Patient’s position during intubation.

Port positions in patient (centre one is camera port 10 mm, left port is 10 mm working port and right one is 5mm working port).

Picture showing position of viscera inside abdomen.

Discussion

Kyphoscoliosis is an abnormal curvature of spine in both coronal and sagittal plane. Usually this disease is associated with many syndromes such as Ehlers Danlos syndrome, Friedrich’s ataxia, Duchenne muscular dystrophy and Syringomelia. Kyphoscoliosis is graded by measuring Cobb’s angle and classified as mild (11–25 degrees), moderate (25–50 degrees), or severe (>50 degrees) [3]. The Cobb’s angle can be correlated with the pulmonary function tests where Cobb’s angle above 60 degrees is associated with progressive pulmonary and cardiac failure.

Laparoscopic nephrectomy in a kyphoscoliotic patient is a challenging procedure both from surgical as well as anaesthetic point of view. It is the standard procedure which is done in case of symptomatic non-functioning kidney. It can be done either by open approach or laparoscopic approach. Laparoscopic approach can be either transperitoneal or retroperitoneal. We have described transperitoneal approach above. Regarding anaesthesia, intubation and patient positioning is a major issue. Regarding surgery, determining kidney location and performing hilar dissection can be a difficult proposition. Complications during and after transperitoneal laparoscopic surgery in urology remain low and are not superior to those observed during and after open surgery [4]. Transperitoneal approach has a advantage of more working space in relation to retroperitoneal approach [5].

There is difficulty in access to intra-abdominal organs in patients with severe kyphoscoliosis as the organs are covered by low-lying thoracic cage. But in some papers, there are reports where access to intra-abdominal organs became possible despite fixed rigidity and anatomical difficulty [6-8].

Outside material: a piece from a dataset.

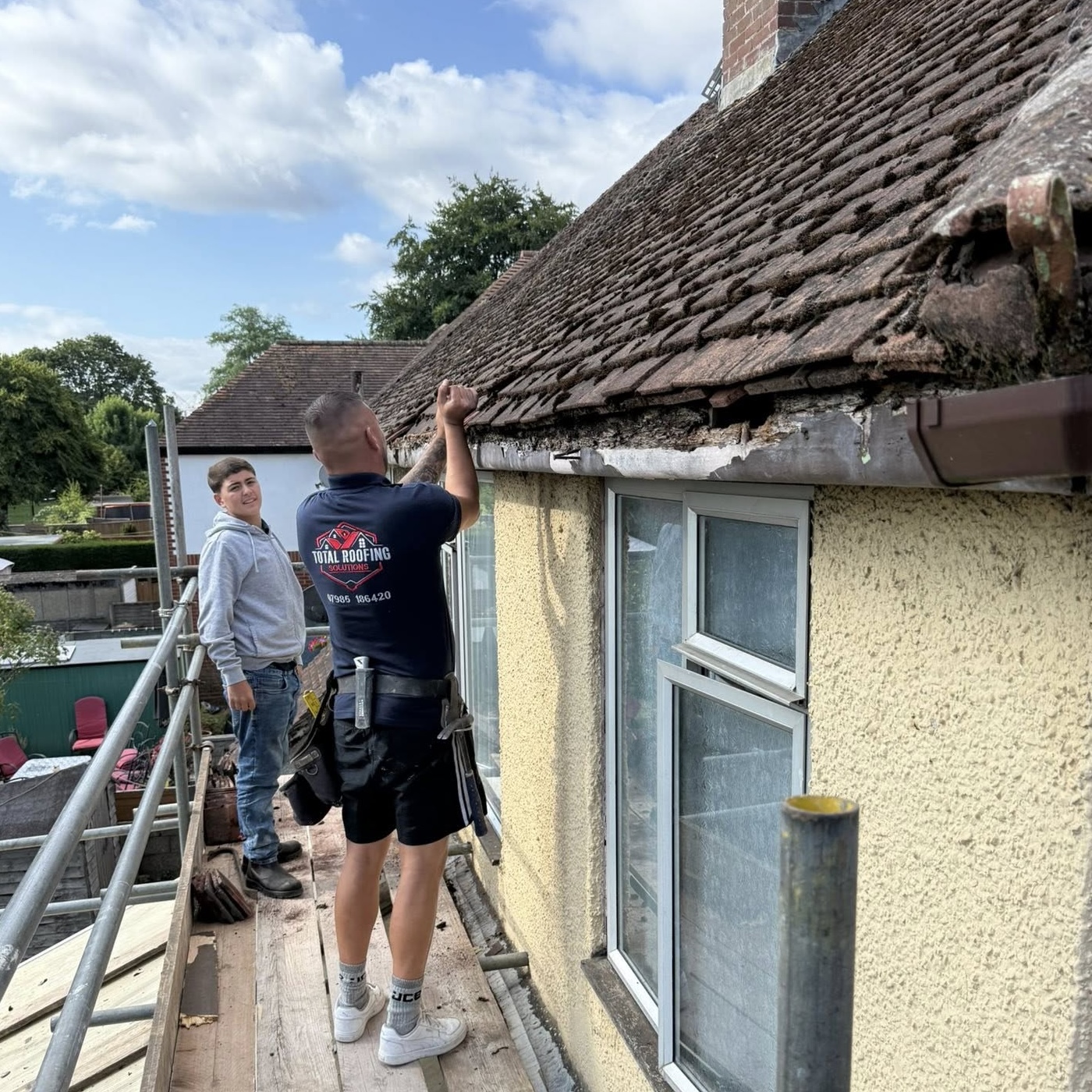 A roof repair being carried out by the Total Roofing team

Altered anatomy in case of severe kyphoscoliotic patient is the major cause of conversion in laparoscopic surgery [9]. In these types of patients, easiest way to reach upto kidney is to identify ureter first, hold it and trace it upto renal hilum. A rigorous preoperative visualization of the vascular anatomy is obligatory to prevent major vascular injury, which has a reported incidence of 2% in transperitoneal laparoscopic nephrectomy [10].

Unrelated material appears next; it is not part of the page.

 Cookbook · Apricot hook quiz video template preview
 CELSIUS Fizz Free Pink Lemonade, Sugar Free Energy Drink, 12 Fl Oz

Altered anatomy also causes difficult intubation in these patients which causes major problem in giving anaesthesia to patients. Preoperative optimization of respiratory condition in these patients is necessary as usually these patients are suffering from restrictive lung disease. Postoperative period warrants a good intensive care and incentive spirometry to optimize this.

Conclusion

Laparoscopic surgery in a kyphoscoliotic patient is a challenging procedure. In experienced expert hands, it can be done, keeping in mind the possible difficulties and complications both during and after operation. It is not, however, an absolute contraindication to laparoscopy.